Negara-negara non-Arab di Asia, di
antaranya Indonesia, Malaysia, Singapura, India, Bangladesh, Sri Lanka.
Di Afrika, di antaranya ia mengunjungi Kenya dan Tanzania. Sedangkan di
Eropa, dakwahnya telah merambah Inggris, Jerman, Prancis, Belgia,
Belanda, Irlandia, Denmark, Bosnia Herzegovina, dan Turki. Ia pun
setidaknya telah empat kali mengadakan perjalanan dakwah ke Amerika
Serikat; pertama tahun 1998, kedua tahun 2001, ketiga tahun 2002, dan
keempat tahun 2008. Di samping juga mengunjungi Kanada
Perjalanan dakwahnya ke berbagai negeri membawa kesan tersendiri di hati
para jama’ah yang mendengarkan penjelasan dan pesan-pesannya.
Di Jerman, ia membuat jama’ah masjid sebanyak tiga lantai menangis
tersedu-sedu mendengar taushiyahnya. Orang-orang yang tinggal di Barat,
yang cenderung keras hatinya, ternyata bisa lunak di tangan Habib Ali.

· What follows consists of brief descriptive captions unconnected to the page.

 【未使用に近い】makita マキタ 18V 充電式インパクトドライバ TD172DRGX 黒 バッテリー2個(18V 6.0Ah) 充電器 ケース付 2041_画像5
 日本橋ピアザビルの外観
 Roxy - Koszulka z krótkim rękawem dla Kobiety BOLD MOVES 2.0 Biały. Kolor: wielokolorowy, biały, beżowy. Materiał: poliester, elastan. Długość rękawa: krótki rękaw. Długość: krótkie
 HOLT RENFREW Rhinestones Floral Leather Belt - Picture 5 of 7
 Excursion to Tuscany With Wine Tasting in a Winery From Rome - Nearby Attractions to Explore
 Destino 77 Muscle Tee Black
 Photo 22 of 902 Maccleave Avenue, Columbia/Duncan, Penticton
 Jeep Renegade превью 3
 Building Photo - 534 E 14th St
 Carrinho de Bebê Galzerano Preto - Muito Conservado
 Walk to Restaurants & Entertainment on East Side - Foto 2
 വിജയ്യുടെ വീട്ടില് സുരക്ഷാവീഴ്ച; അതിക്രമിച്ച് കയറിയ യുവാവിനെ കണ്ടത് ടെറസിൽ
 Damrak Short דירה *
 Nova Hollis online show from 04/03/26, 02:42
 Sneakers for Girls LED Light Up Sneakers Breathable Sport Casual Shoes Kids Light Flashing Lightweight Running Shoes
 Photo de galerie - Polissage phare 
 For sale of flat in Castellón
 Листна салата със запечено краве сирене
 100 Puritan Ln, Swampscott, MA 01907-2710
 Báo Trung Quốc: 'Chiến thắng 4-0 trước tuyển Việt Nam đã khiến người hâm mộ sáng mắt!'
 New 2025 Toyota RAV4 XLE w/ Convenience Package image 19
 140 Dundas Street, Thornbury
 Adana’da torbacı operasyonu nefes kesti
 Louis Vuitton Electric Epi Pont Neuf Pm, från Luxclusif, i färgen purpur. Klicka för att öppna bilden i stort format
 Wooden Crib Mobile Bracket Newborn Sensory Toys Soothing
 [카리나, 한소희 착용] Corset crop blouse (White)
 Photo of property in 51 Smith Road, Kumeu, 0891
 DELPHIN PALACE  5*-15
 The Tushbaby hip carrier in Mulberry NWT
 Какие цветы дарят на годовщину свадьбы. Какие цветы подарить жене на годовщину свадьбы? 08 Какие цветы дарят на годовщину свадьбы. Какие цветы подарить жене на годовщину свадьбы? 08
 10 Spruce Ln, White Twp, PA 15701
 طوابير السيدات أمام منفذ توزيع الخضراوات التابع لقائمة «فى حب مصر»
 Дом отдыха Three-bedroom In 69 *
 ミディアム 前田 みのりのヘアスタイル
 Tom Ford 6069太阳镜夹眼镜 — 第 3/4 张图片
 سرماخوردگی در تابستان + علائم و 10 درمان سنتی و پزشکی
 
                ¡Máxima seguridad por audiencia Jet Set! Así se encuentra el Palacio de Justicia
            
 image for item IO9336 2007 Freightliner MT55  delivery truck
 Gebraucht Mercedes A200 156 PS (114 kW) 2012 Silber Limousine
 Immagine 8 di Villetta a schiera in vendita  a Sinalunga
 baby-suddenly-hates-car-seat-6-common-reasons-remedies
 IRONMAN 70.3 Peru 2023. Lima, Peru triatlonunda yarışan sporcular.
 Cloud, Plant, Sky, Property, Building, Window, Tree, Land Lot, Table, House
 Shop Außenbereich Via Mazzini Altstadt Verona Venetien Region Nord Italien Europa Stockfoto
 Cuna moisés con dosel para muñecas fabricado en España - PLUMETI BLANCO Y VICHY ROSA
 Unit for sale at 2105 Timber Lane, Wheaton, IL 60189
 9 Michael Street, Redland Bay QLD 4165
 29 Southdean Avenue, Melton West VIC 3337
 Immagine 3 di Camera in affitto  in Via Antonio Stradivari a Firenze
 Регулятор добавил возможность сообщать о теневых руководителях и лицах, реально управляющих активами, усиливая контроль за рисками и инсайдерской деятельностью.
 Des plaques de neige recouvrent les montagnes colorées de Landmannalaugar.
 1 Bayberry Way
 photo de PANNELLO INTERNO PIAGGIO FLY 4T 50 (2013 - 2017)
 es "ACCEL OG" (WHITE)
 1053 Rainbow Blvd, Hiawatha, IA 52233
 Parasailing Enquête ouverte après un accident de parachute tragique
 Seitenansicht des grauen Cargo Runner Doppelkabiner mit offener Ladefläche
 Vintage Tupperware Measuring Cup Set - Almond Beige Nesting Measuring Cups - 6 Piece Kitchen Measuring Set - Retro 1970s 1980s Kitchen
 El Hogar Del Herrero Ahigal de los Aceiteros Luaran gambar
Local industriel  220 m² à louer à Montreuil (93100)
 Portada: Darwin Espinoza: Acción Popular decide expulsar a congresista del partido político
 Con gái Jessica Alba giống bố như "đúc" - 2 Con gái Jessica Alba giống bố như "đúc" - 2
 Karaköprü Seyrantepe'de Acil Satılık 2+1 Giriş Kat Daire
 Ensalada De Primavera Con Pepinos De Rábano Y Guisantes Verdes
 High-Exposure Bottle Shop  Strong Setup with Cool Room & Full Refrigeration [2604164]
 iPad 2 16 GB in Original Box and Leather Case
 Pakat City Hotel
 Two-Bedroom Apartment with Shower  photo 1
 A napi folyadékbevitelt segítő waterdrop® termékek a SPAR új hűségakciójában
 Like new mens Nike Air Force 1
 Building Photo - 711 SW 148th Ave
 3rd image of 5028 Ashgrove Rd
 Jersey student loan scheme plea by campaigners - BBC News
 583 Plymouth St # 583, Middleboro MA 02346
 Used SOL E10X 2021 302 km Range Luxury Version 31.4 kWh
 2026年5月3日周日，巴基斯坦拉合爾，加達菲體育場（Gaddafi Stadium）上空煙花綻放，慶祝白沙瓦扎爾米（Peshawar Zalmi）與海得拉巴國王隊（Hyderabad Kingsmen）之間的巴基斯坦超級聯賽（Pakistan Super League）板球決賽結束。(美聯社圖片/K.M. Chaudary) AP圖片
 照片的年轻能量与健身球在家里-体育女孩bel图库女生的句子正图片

Di Amerika ada yang merasa bahwa memandang dan berkumpul bersama Habib
Ali Al-Jufri selama satu malam cukup untuk memberinya tenaga dan
semangat untuk beribadah selama tiga bulan. Di Inggris ia terlibat
pelaksanaan Maulid Nabi di stadion Wembley. Di Denmark ia mengadakan
jumpa pers dengan kalangan media massa.
Di Darul Musthafa,
Tarim, Hadhramaut setiap tahun, bulan Rajab-Sya`ban, ia menjadi
pembicara rutin Daurah Internasional. Ia pun merangkul para dai muda di
Timur Tengah, serta membimbing dan memberikan petunjuk kepada para
pemuda yang berbakat. Ia suka duduk bersama para pemuda dan mengadakan
dialog terbuka secara bebas.
Dalam berdakwah, ia aktif menjalin
hubungan dengan berbagai kalangan masyarakat. Ia memasuki kalangan yang
paling bawah, seperti suku-suku di Afrika, hingga kalangan paling atas,
seperti keluarga keamiran Abu Dhabi. Ia berhubungan dengan kalangan
awam hingga kalangan yang paling alim, seperti Syaikh Muhammad Said
Ramadhan Al-Buthi (mufti de facto negeri Syria), Syaikh Ali Jum`ah
(mufti Mesir), dan ulama-ulama besar lainnya.
Banyak sekali
bintang film, artis dan aktris, para seniman, di Mesir yang bertaubat di
tangannya. Ini mengakibatkan pemerintah Mesir merasa khawatir, kalau
hal ini berlangsung terus akan memberikan dampak buruk bagi industri
perfilman Mesir, yang merupakan salah satu sumber penghasilan utama
setelah pariwisata. Artis yang sebelumnya “terbuka” jadi berhijab, yang
dulunya aktor jadi berdakwah.
Kini ia pun secara rutin tampil
di televisi. Penyampaian dakwahnya menyentuh akal dan hati. Cara
dakwahnya yang sejuk dan simpatik, pandangan-pandangannya yang cerdas
dan tajam, pembawaannya yang menarik hati, membuatnya semakin
berpengaruh dari waktu ke waktu.
Kemunculan Habib Ali di dunia
dakwah membawa angin segar bagi kaum muslimin, terutama kalangan Sunni.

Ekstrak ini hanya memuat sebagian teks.